Using -i8 flag with CUDA Fortran code

Hi there,

I have developed a CUDA Fortran code and I’m now trying to use it with very large datasets.

The code has been working swimmingly up until now but as I need to test it with large datasets it is necessary for me to have integer(8) variables.

To do this I tried compiling with -i8 but my CUDA Fortran module doesn’t like this and fails to compile with the error:

PGF90-F-0000-Internal compiler error. Unexpected runtime function call       0 (scf.f: 3317)
PGF90/x86-64 Linux 12.10-0: compilation aborted

The module

scf.F

which is failing to compile consists of host code followed by several global routines. The line number it is failing on

3317

is the end of the very first global (device) subroutine. The routine uses only supported intrinsics and variables that have been explicitly transferred to the device.
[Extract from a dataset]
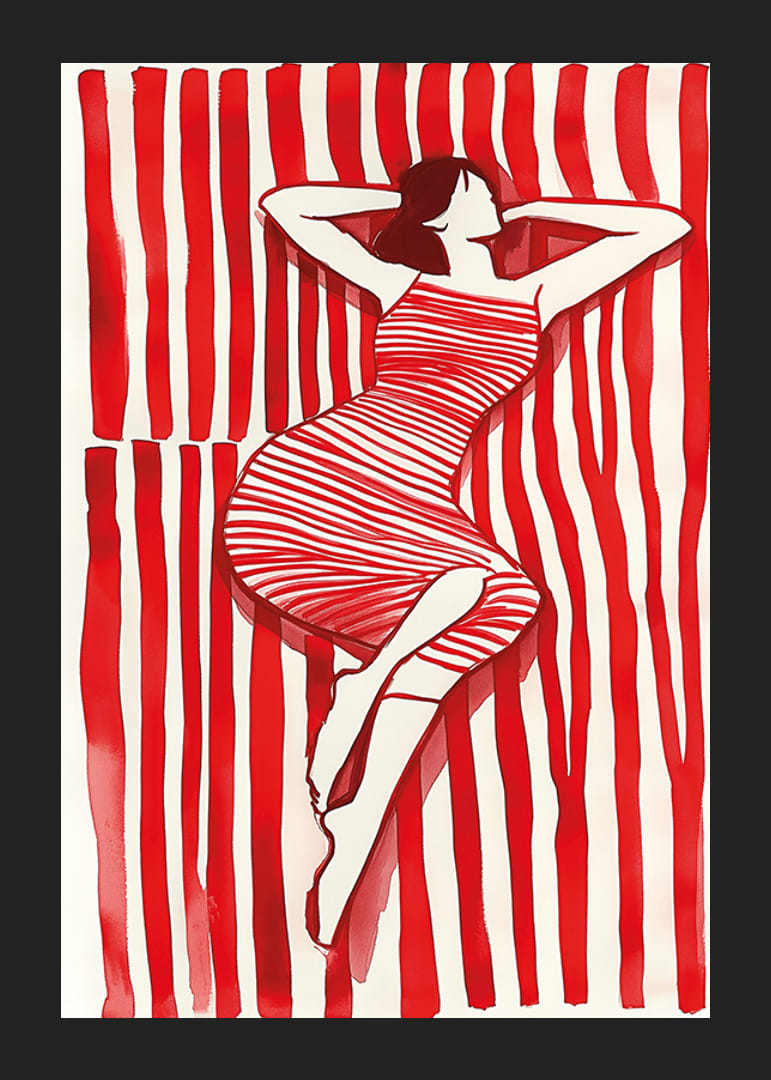 Žiarivé červené pruhy vytvárajú dynamický a štýlový výraz-12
This is definitely a problem with -i8 as it compiles perfectly without it.

Do I need to modifiy anything in my CUDA code to be able to use -i8?

Any help/suggestions more than welcome.

Cheers,
Crip_crop

Hi Crip_crop,

The only time I’ve seen this error is when an automatic was in the device code and the compiler was trying to put in an implicit allocate/deallocate. While I doubt that’s the case here, there’s probably some other compiler run time call being generated. Other than the allocate issue, I don’t see any technical problem reports for this, so I don’t know what the routine is and will need to ask for a reproducer in order to track it down.

My best guess is that by promoting the default integer kind to 8, one of the intrinsics you’re using (maybe atomicadd?) doesn’t have a GPU version available. It’s possible that later versions have this corrected. Are you able to try 13.6?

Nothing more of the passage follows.